Without the exposure Envy and Other Sins found themselves swarmed in, the Midlands lovelies would’ve still been slaving away in their day jobs. The TV contest they won was unfortunately targeted at the wrong audience and the promotion for their storming single ‘Highness’ was pretty non-existent – resulting in it missing the Top 40. The band are stuck between the devil and the deep blue sea – supporting The Hoosiers at one end, unable to be playlisted on Radio One due to Jo Whiley’s conflict of interests at the other. They’re filling the small venues they once only attracted a few people to, but surely the thousands of people watching the programme should have made for a more market progression? And equally, the endless assault of disheartening put-downs they face can’t be all that much fun. In ‘We Leave At Dawn’, they forget the backlash and provide us with a selection of intricate, well-crafted, reflective snippets. This is pop music with heart, intricacy and subtleties – a self-justification of sorts.
It’s a record best listened to with headphones to pick up on the crescendos and the way the elements are carefully knitted together. Megastar producer Danton Supple’s efforts on ‘We Leave At Dawn’ give the album a finish which verges on over-polished – the instruments are a tad too crisply separated, or in the extreme, too hazily fused. Regardless of that negative, the four-piece continue to write lyrics far cleverer than your average indie-pop fare – they’re pacey and idiosyncratic, complementing the sweet little ascending vocal runs that frame them in songs like ‘Almost Certainly Elsewhere’.
It’s refreshing to listen to music so unpretentious and naturally memorable which retains its quirks even after repeated listens – it can feel too familiar on the first play, but the knack for telling a story and pushing out cute hooks and rhythms far overrides any cynicism that may be trying to creep out. ‘Morning Sickness’ is a timely blend of Casio arpeggios, homely yet unsettling bass and challenging tonality. ‘Step Across’ is an ecstatic escapist mish-mash of piano hammering and scattergun syllables – the most complex and involved offering on the album.
Next single ‘Man Bites God’ is oh-so-contagious: “We’re rotten to the core, we’re all the same/we are scu, you were like us/but when did you become so righteous?/Let’s do a roaring trade, ‘til the day the Messiah comes/And stops us having fun” – it’s rollicking, knowing, and proof of Envy and Other Sins’ highs and low, sidesteps and backsteps, devious sneaking in of a bar in 6/4… it’s a song which should be loved by millions.
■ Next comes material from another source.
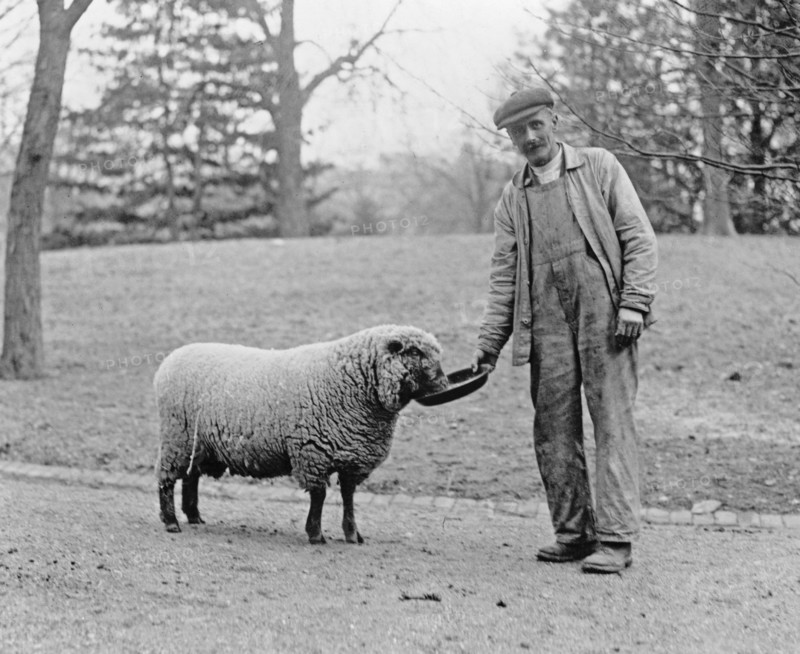 Man with a White House sheep ca. 1909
Though ‘Don’t Start Fires’ is the album’s highlight; it’s so simple and unfussy yet its soaring melodies make it epic in the same vein as Doves, with a huge-scale sound that the stadium bands aspire towards, not to mention a damn fine effort on the drums. The nigh on falsetto of the album-closer ‘Shipwrecked’ shows off a more spacious, nautical sound which touches on a new-found viciousness, something which should be more evident in other places on the album but is somehow passed by.
Ali’s fey vocal is something which usually provides a contrast rather than a weakness, except on ‘The Company We Keep’ – it possesses the deft chord progressions and syncopation we’ve come to expect, but feels the least substantial due to the anonymity of the otherwise flourishing bass. And ‘(It Gets Harder To Be A) Martyr’ has got the charm but lacks the plentiful core of the album’s best moments.
Although a lovely pop record, we can’t help feeling that the four-piece capable of more, going on the basis of how much fun their live shows are and how much they put into their music. It’s a shame that the production has dumbed down their Victorian leanings, although maybe we just expected perfection… let’s hope Envy and Other Sins get the attention they deserve very soon.